Lalji meneó la cabeza.
—No te disculpes. —Hizo un ademán en dirección a Creo—. Cuéntale el resto. Dile lo que eres capaz de hacer. Lo que me han asegurado que eres capaz de hacer.
—Hay cosas de las que quizá sería mejor no hablar.
—Cuéntaselo —insistió Lalji—. Yo también quiero escucharlo otra vez.
Bowman se encogió de hombros.
—Si tú confías en él, yo también debería, ¿verdad? —Se volvió hacia Creo—. ¿Te acuerdas de los cheshires?
Creo emitió un ruido de repugnancia.
—Son una plaga.
—Ah, es verdad. Un billete azul por cada uno de ellos muerto. Lo había olvidado. Pero ¿qué hace que nuestros cheshires sean una plaga?
—Se teletransportan. Matan pájaros.
—¿Y? —lo azuzó Bowman.
Creo se encogió de hombros.
Bowman sacudió la cabeza.
—Y pensar que por personas como tú malgasté mi vida investigando y mis calorías en ciclos de ordenador.
»Dices que los cheshires son una plaga, y es cierto, lo son. Un puñado de ricachones obsesionados con Lewis Carroll y de repente están por todas partes, reproduciéndose con gatos naturales, cazando aves, maullando a altas horas de la madrugada, pero lo más importante es que su progenie, en un asombroso noventa y dos por ciento de los casos, se compone de cheshires purasangre. Creamos una nueva especie en un abrir y cerrar de ojos de la escala evolutiva, y las poblaciones de aves canoras se extinguen casi igual de rápido. Un depredador perfeccionado, pero sobre todo, un depredador que se reproduce.

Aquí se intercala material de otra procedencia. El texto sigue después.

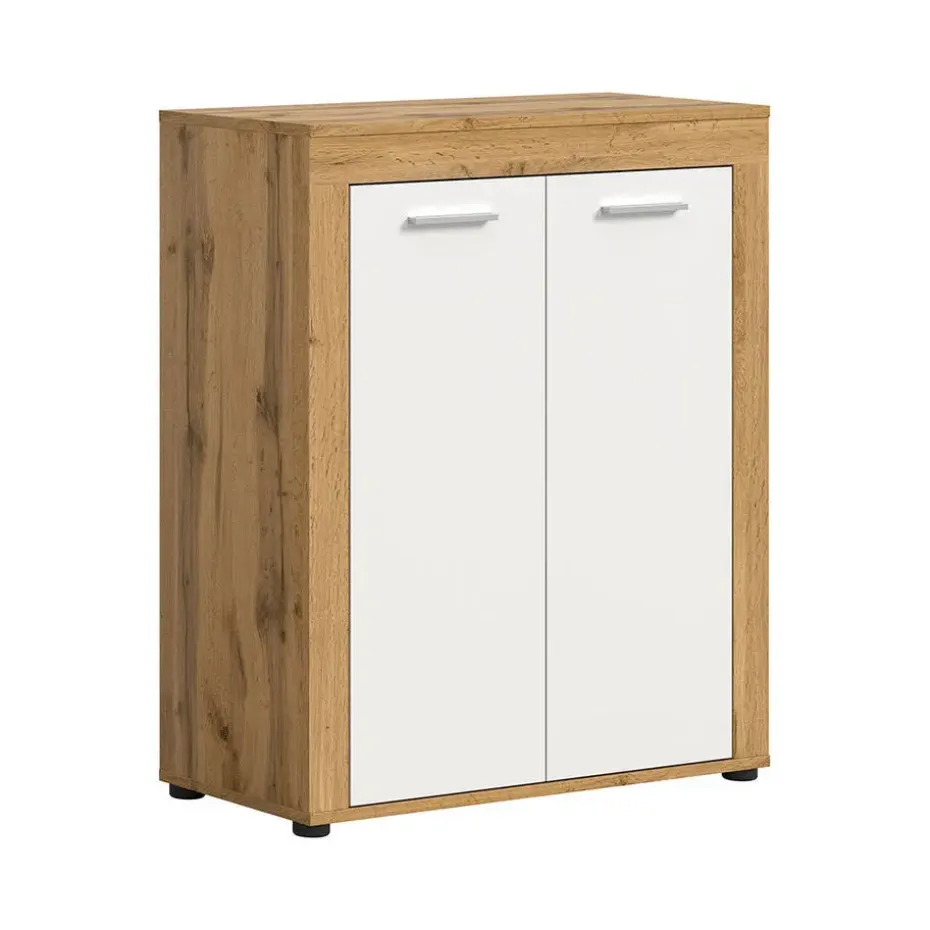 Hioshop Jam schoenenkast 2 deuren wit- eik decor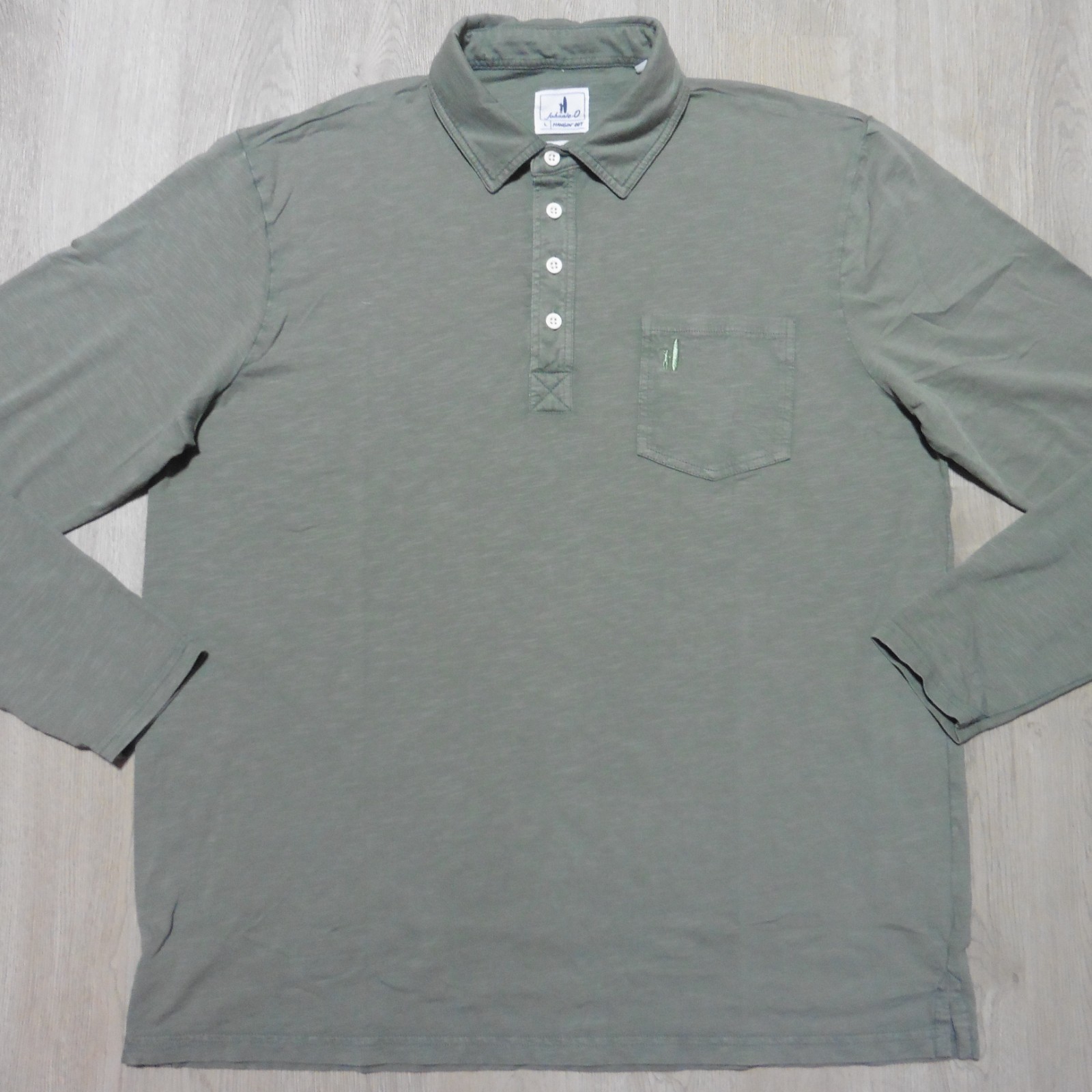 JOHNNIE O Mens COASTAL WASH POLO SHIRT LONG SLEEVE ORIGINAL 4-BUTTON GOLF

»En el caso de la SoyPRO o el U-Tex, aunque las empresas calóricas patenten sus plantas y empleen policías de propiedad intelectual y perros especializados para rastrear sus productos, el número de hectáreas que pueden inspeccionar los agentes de PI es limitado. Lo fundamental es que las semillas son estériles, una caja fuerte cerrada. Algunas personas puedan robar de aquí y de allá, como hacéis Lalji y tú, pero al final no sois nada más que un gasto insignificante en una hoja de balance repleta de beneficios porque nadie es capaz de cultivar esas plantas salvo sus respectivas empresas calóricas.
»Ahora bien, ¿qué pasaría si introdujéramos una característica diferente en la SoyPRO, furtivos, como quien se encarama encima de la mujer de su mejor amigo? —Abarcó con un ademán los verdes cultivos que lamían las márgenes del río—. ¿Y si alguien esparciera polen adulterante sobre estas joyas de la corona que nos rodean? Antes de que las empresas calóricas recogieran y exportaran las semillas resultantes a todos los rincones del planeta con sus imponentes flotas de veleros, antes de que los comerciantes con licencia entregaran la cosecha patentada a sus clientes. ¿Qué clase de semillas estarían dándoles?
Bowman empezó a enumerar características con los dedos.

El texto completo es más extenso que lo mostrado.